Mais de structure il n’en est pas vraiment question. Les discussions ont
semble-t-il été âpre entre la ville de Marseille, l’État, par l’intermédiaire
de la DIACT et la Banque mondiale. La ville n’aurait pas
souhaité voir se constituer une institution nouvelle qui aurait pu échapper à
son propre agenda international. La DIACT avait dans ses cartons son propre
projet de plateforme internationalisé, s’appuyant sur les ressources de la
Caisse des dépôts et de consignation. La Banque, enfin, souhaitait refonder sa
plateforme.
C’est dans les termes de cette refondation qu’il faut rechercher l’une des clés d’explication de la naissance du CMIM. « L’institut de la Banque mondiale » de la zone MENA (Middle East and North Africa) est installé à Marseille, sur le site de la Villa Valmer, depuis 2004. Il ne s’agit donc pas d’une antenne de la Banque mondiale, réservée aux capitales des pays du sud, destinataire des aides financières – et des capitales qui ont reçu l’aide du Plan Marshall. Les instituts de la Banque mondiale sont des bases de réflexion stratégique – learning activities dans le vocabulaire de la Banque – qui produisent de l’expertise et ne financent donc pas directement des projets.

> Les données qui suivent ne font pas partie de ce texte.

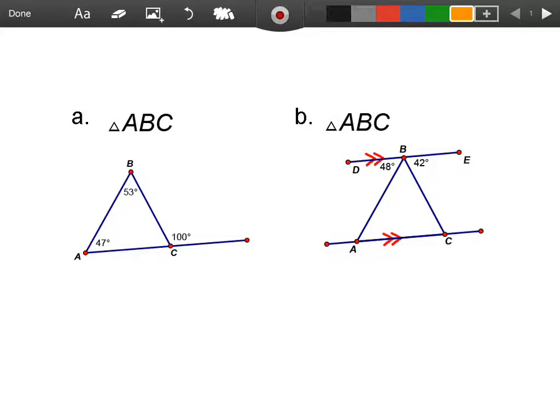In this exercise, we're still classifying triangles, but as you can see, we're missing some information.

En 2007, la question du maintien du bureau marseillais de la Banque s’est
posé dans le contexte de crise de légitimité des institutions de Washington et
de constat d’échec porté sur le Processus de Barcelone. Il a fallu l’élection à
la Présidence de la République française de Nicolas Sarkozy pour changer la
donne. Son projet d’Union de pour la Méditerranée, priorité
diplomatique de son mandat, a, en effet, incontestablement relancé l’attention
des bailleurs sur l’espace méditerranéen – au-delà des divisions qu’il a
suscité en Europe et des difficultés auxquels il est confronté aujourd’hui.
C’est dans un cadre institutionnel reformaté en fonction de ce nouveau
référentiel que la Banque mondiale a construit l’instrument du CMIM, un
« think tank opérationnel », pour reprendre l’oxymore assumé de
son directeur, Mats Karlsson. L’idée générale est de construire une plateforme
de production d’idées et de financement de projets-cibles reposant sur la
connaissance, l’apprentissage, l’innovation et l’intégration des économies des
pays de la Méditerranée dans les marchés mondiaux. « Network among
Networks », le CMIM a d’ores et déjà défini 5 axes ( urban and spatial
development ; sustainable development ; transport and logistics;
skills, employment and labor mobility challenges including youth ; et
knowledge economy, innovation and technology) et 14 programmes
afférents.
La question qui se pose est bien sûr celle de la complémentarité de cette
plateforme avec les réseaux existants et de la compatibilité avec les agendas
des uns et des autres. Certains se montrent déjà sceptiques dans la portée des
financements promis et dans l’efficacité avec laquelle la greffe peut
prendre.
Ancrer les économies des pays méditerranéens dans les marchés mondiaux est une cause ancienne et ambitieuse qui se heurte à de nombreux obstacles structurels (l’est-elle même souhaitable pour les sociétés du sud ?), mais intégrer les ambitions des coalitions marseillaises hétéroclites à un projet fédérateur, qui plus est, porté par une institution extérieure au territoire, est un défi d’une toute autre dimension.
Commentaires
On doit se féliciter d'une telle création. Que la Banque mondiale s'intéresse enfin sérieusement à la Méditerranée est une excellente nouvelle. Si cela pouvait réveiller l'Europe dans son rêve interrompu de dialogue méditerranéen, ce ne serait déjà pas si mal. Pour Marseille, c'est inespéré. A elle le défi avec Barcelone! Un must : trouver un vrai partenaire côté sud. Un partenaire prêt à aller loin avec Marseille...à partager un destin commun?